The information the complainant requested relates to the data from the step test, an objective outcome measure which went unreported in the original PACE report but appeared in the form of a small scale graph in an appendix to one of the follow up studies. The graph appeared to show that patients receiving GET or CBT, the two treatments which the PACE researchers claim are the most effective, actually fared least well according to this measure. This is not a small detail. One of the other promised objective measures, the actometer, was dropped and the other one, the six minute walking test, showed minimal change. The complainant therefore requested to see the actual plotted values of this important graph.

QMUL responded by accepting that this data would not be onerous to supply. They also accepted that that this particular complainant had not made any previous FOI requests. Nevertheless they refused to supply the data on the grounds that the request was ‘vexatious’.

I shall do my best to explain the argument put forward for this curious response. As I say, QMUL’s evidence was all over the place but the Commissioner helpfully supplied them with a clearer – if rather tenuous – line of reasoning.
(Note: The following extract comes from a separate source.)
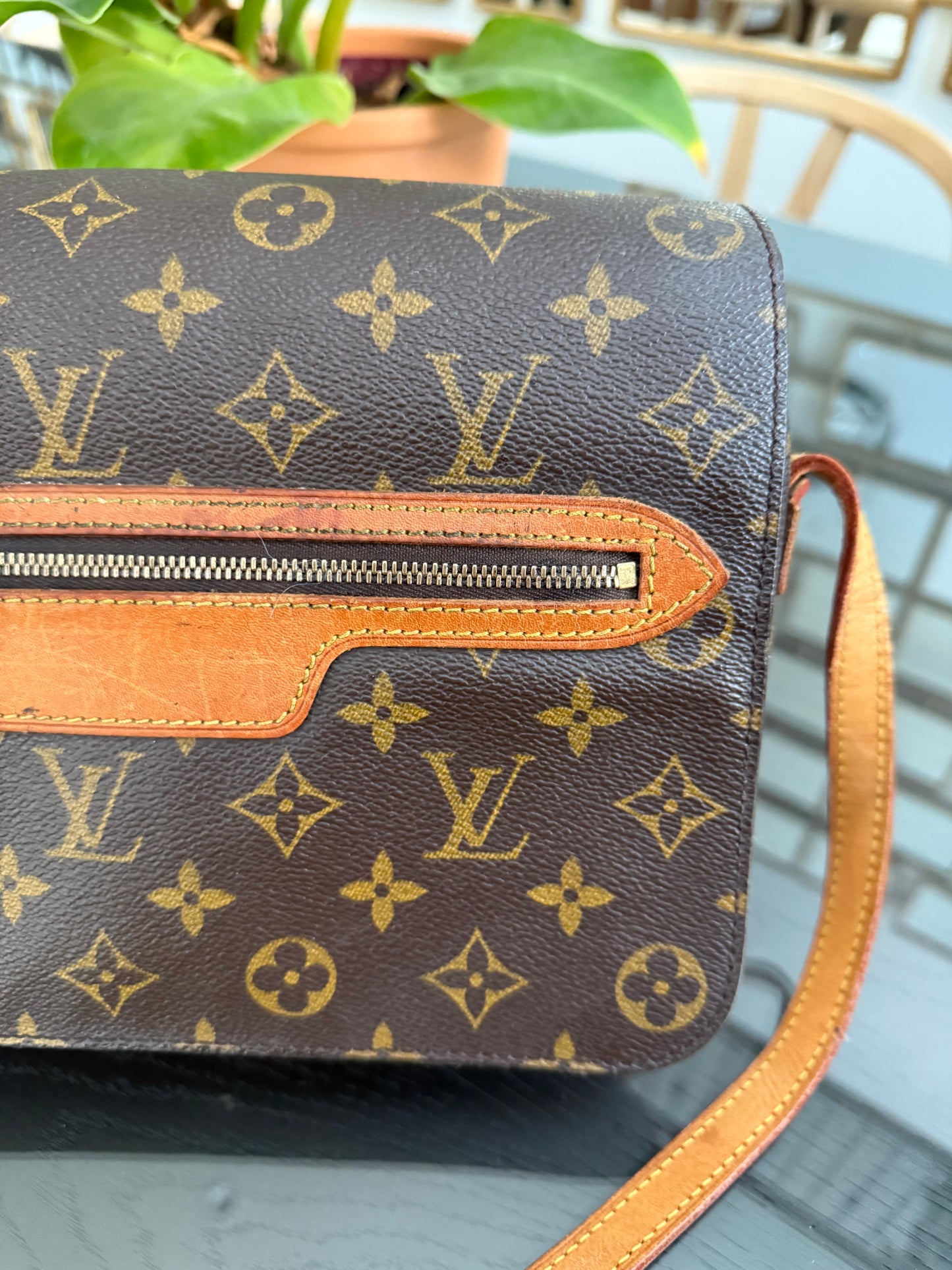 St. Germain 28 Crossbody Bag
๐๏ธ Year: 1995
The Commissioner accepted that ‘this particular request on its own would not necessarily impose a significant burden’. However they referred to the Commissoner’s guidance on section 14 (the ‘vexatious’ clause) of the Act which states:

“If a public authority has reason to believe that several different
requesters are acting in concert as part of a campaign to disrupt
the organisation by virtue of the sheer weight of FOIA requests
being submitted, then it may take this into account when
determining whether any of those requests are vexatious.”

The guidance goes on:

“The authority will need to have sufficient evidence to
substantiate any claim of a link between the requests before it
can go on to consider whether section 14(1) applies on these

The Commissioner therefore considered whether the present request ‘should be considered in the context of a campaign in relation to QMUL’. You will not be surprised to learn they considered that it should. Their supposed evidence for this included the FOI requests themselves, ‘correspondence to other parties including the Lancet and the BMJ’, the use of a hashtag on Twitter #PACEtrial ‘which individuals use to promote attacks on the trial in critical and hostile language’, plus links between individuals through the Phoenix Rising forum and other websites.  The Commissioner was also satisfied that the complainant was a part of this campaign, apparently because he worked ‘with others in order to engage in discussion with the Lancet and Prof White about PACE’ (an opportunity which Prof White ignored) and made information available on the internet (including on Phoenix Rising).

This is extraordinary stuff. It suggests that if patients write letters to medical journals, it somehow invalidates their right to make FOI requests. And there was me thinking this was simply exercising freedom of speech. If a doctor writes in to criticise a paper, is that also vexatious, I wonder? Or are we patients ‘getting above ourselves’? Is that the problem?

The complainant argued that he had never used Twitter but that didn’t stop QMUL and the Commissioner including their complaint about the hashtag, apparently unaware that these are pretty much ubiquitous on Twitter. If you’re going to talk about something, you use a hashtag. It doesn’t mean you’re part of an evil plot. QMUL also complained that the hashtag ‘was not used to promote or support PACE in any way’. Now why should that be, I wonder?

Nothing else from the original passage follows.